Strauss-Kahn, speaking at the IMF's headquarters, said that adding emerging market countries' currencies such as the yuan to a basket of currencies that the IMF administers would benefit the global system and create more stability.
He warned that without adjustments to the global monetary system the world could be sowing the seeds of the next crisis, pointing to widening economic imbalances, large and volatile capital flows, exchange rate pressures and rapidly growing excess reserves.
Strauss-Kahn's remarks about the yuan do not mark a policy shift for the IMF, which has always urged more participation by China in the world economy, but it does expand on its stance.
Its timing was significant because it comes ahead of next week's meeting in Paris of finance chiefs from the Group of 20 rich and developing nations.
Strauss-Kahn said he also saw a greater role for the IMF's Special Drawing Right as a unit of account, but said such a move would take time and a great deal of international cooperation to make it work. The SDR is composed of the dollar, sterling, euro and yen.
Increasing the role of the SDR would clearly require a major leap in international policy coordination, Strauss-Kahn said. For this reason, I expect the global reserve asset system to evolve only gradually, and along with changes in the global economy.
He said overhauling the global monetary system could bolster the economic recovery and help avoid future crises.
Strauss-Kahn's speech comes as debate over the U.S. dollar's status as the main global reserve currency is set to intensify amid G20 discussions, especially with emerging market economies providing most of the world's growth.
In my opinion, reforms to the international monetary system that help us get to the root of these imbalances could both bolster the recovery and strengthen the system's ability to prevent future crises, Strauss-Kahn said.
But bringing the yuan into the SDR is not simple.
Among the drawbacks is that the yuan is not freely traded and China's capital markets are largely closed. Beijing has been expanding a pilot program to encourage use of its currency in cross-border trade in what economists say is part of a strategy to raise the currency's profile.
The SDR is not itself a currency but an IMF accounting unit. It is only used as a reserve asset by central banks and is not available to the private sector.
The IMF's board was cautious about giving the SDR a greater role saying it should not substitute for the efforts underway to strengthen the international monetary system's stability.
Still, members acknowledged that an enhanced role for the SDR could potentially contribute to the long-term stability of the global monetary system.

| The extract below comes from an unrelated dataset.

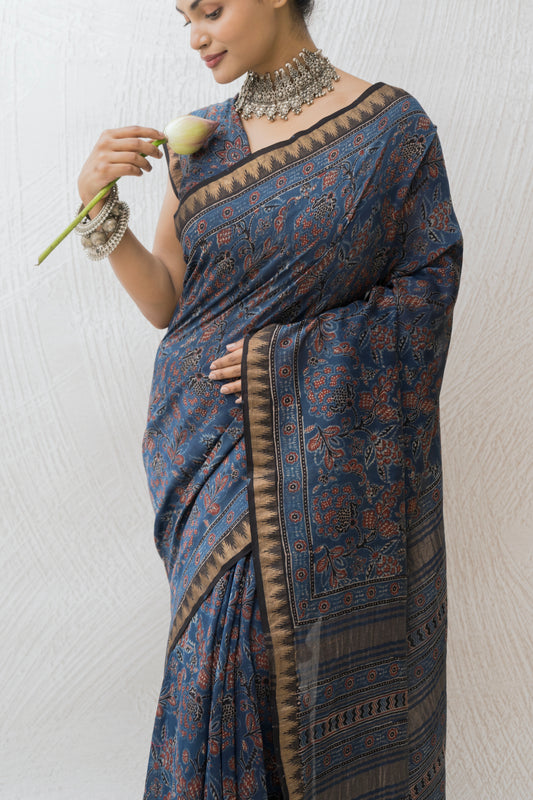 Chanderi Ajrakh Print Indigo Saree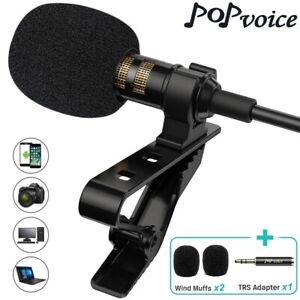 PoP Voice Lavalier Lapel Microphone PV510+ clip on wired omnidirectional black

An IMF paper released alongside Strauss-Kahn's speech said the U.S. dollar would remain the most important global reserve currency for the foreseeable future.
But the paper noted there was a place within the system for the SDR to reduce currency volatility and ensure countries have easier access to foreign exchange funding during crises. It said that using the SDR to price global trade would provide a buffer from exchange rate volatility, while the issuance of SDR-denominated bonds could create a potentially new class of reserve assets that could involve the private sector.